*Por Talita Guimarães
Quando minha avó Madalena anoiteceu eu ainda não havia amanhecido. E se falo assim para me referir ao nosso desencontro nesse mundo é porque meu pai, seu filho, me ensinou a pensar assim, relacionando o ciclo da vida ao dos dias. Aprendeu com ela.
Enquanto penso nos desencontros, descompassos e desencantos da vida, divago sobre nosso constante medo da finitude das coisas, incluindo as que sequer começaram. “A gente é feito pra acabar”, canta Marcelo Jeneci na última faixa de seu primeiro disco; a posição da música no repertório pensada para dialogar com sua mensagem, que embora sejamos capazes de entender, deliberadamente nos permitimos quase sempre não lembrar.
Quando em uma manhã ensolarada meu pai me sopra as lições de vovó enquanto espero meu ônibus, percebo que é possível aprender diariamente a lidar com a impermanência das coisas. Pois todos os dias viajamos de mãos dadas com um ciclo único, destinado a acabar.

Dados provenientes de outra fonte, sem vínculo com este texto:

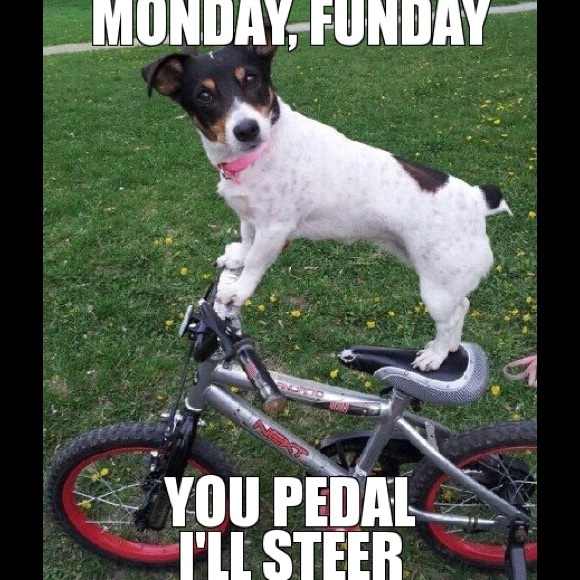 Monday Funday  5 purses for 100.00 Extended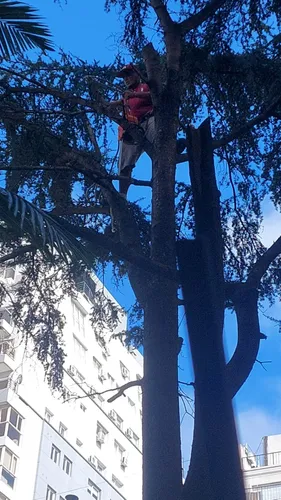 Poda De Arboles Servicio De Poda Tala Extracción De Raíz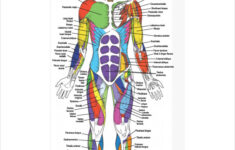 FREE 7 Sample Muscle Chart Templates In PDF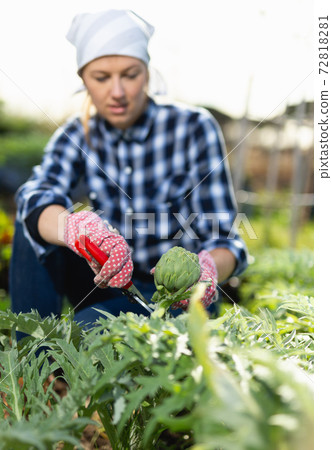 Girl cuts ripe artichokes with a pruner in the garden Girl cuts ripe artichokes with a pruner in the garden 72818281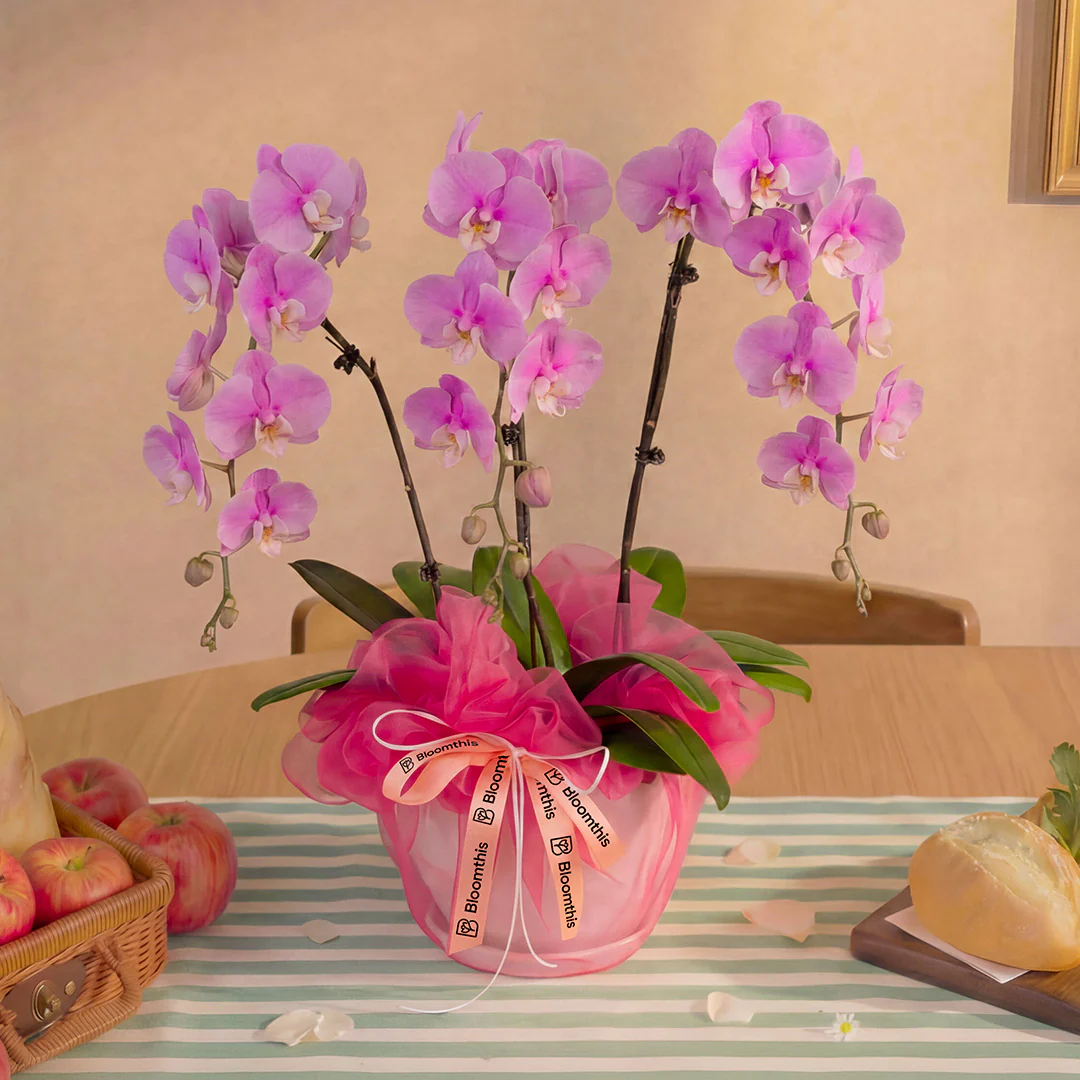 Ingrid Pink Phalaenopsis Orchid (3 Stalks) - Image 3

Parece sempre igual, mas jamais é. As semelhanças estão lá porque as colocamos, em certa medida, graças a nossa capacidade humana de reconhecer padrões e encontrar conforto e segurança neles. Mas cada diazinho é mesmo único e precioso de um jeito que talvez só percebamos após um período de acúmulo desses recortes aparentemente ínfimos que juntos formam um todo imenso.